MARKET REPORT / ANALYSIS – As of 1PM Wednesday
-Wednesday the S&P 500 is up about 0.4% to 6073 at mid-day.
-VIX rose about 0.1% to 13.31.
-The yield on the 10-year Treasury declined (compared to about this time, prior trading day) to 4.188%.
 
MY TRADING POSITIONS:
XLK – Holding since the October 2022 lows.  Added more 9/20.
SSO – added 10/16.
SPY – added 9/19 & more 10/16
QLD – added 11/5.
UWM – added 11/11
 
CURRENT SUMMARY OF APPROXIMATELY 50 INDICATORS – AS OF 1PM WEDNESDAY:
Today, (as of 1 PM) of the 50-Indicators I track, 9 gave Bear-signs and 14 were Bullish. The rest are neutral. (It is normal to have a lot of neutral indicators since many of the indicators are top or bottom indicators that will signal only at extremes.)

The daily Bull/Bear, 50-Indicator spread (Bull Indicators minus Bear Indicators, red curve in the chart above) declined to +5 (5 more Bull indicators than Bear indicators – yesterday’s numbers changed due to late data).
 
TODAY’S COMMENT
Today’s Bull-Bear spread of +5, is a mildly bullish to Neutral sign. The 10-dMA of the 50-Indicator Spread (purple line in the chart above) is moving higher today so that is still bullish. The overall 50-Indicator spread signal is Bullish. (I follow the 10-dMA for trading buy-signals and as an indicator for sell signals.)
 
We’re seeing a swing to the bearish side in the indicators.  They aren’t there now, but they are drifting down. That is due in part to the bullish moves we’ve seen recently. My simplest indicator tracks the number of up or down days over 2 and 4 week trading periods. As of 1Pm Wednesday, there have been 16 up-days in the last 20 days and 9 days up on the last 10.  Both are overly bullish and they are bearish indicator signals.
 
The S&P 500 is at a new all-time high again Wednesday (as of 1PM) but only 3.5% of issues on the NYSE made new, 52-week highs today. That demonstrates a significant narrowing of breadth. We’ll just have to see what the closing numbers look like. It doesn’t feel like there is significant trouble ahead, but I’ll be following the indicators rather than guessing.
 
There is only 1 top-indicator warning of a top – breadth is too far ahead of the S&P 500.  This indicator can be early, so no point in worrying about it yet.
 
If Bollinger Bands, RSI or other top indicators start acting up I may be forced to take profits in leveraged positions (SSO, QLD, & UWM), especially if the S&P 500 is at its upper trend line.
 
For now, I won’t be making any changes in the portfolio.

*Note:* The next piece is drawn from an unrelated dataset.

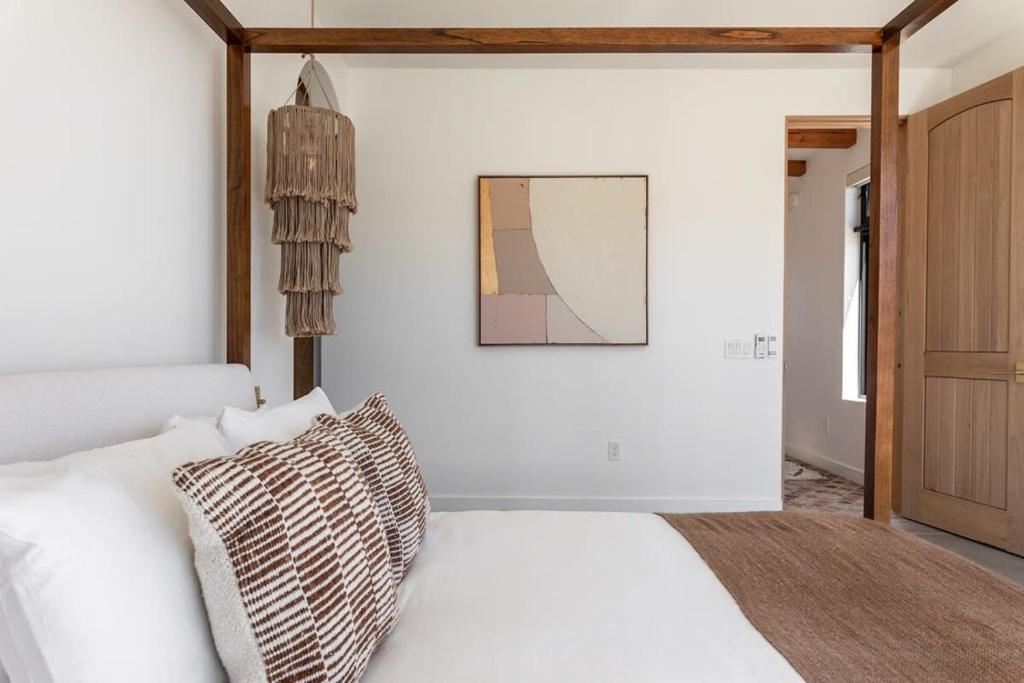 Gallery image of this property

A few down days would be good for the markets.
 
BOTTOM LINE
I’m cautiously bullish.
 
WEDNESDAY MARKET INTERNALS (NYSE DATA)
My basket of Market Internals remained HOLD.
(My basket of Market Internals is a decent trend-following analysis that is most useful when it diverges from the Index.) 
 
 
 
...My current invested position is about 70% stocks, including stock mutual funds and ETFs. I’m usually about 50% invested in stocks when markets are stretched. (75% is my max stock allocation when I am confident that markets will continue higher.)
 
I trade about 15-20% of the total portfolio using the momentum-based analysis I provide here. When I see bullish signs, I add a lot more stocks to the portfolio, usually by using an S&P 500 ETF as I did back in October 2022 and 2023.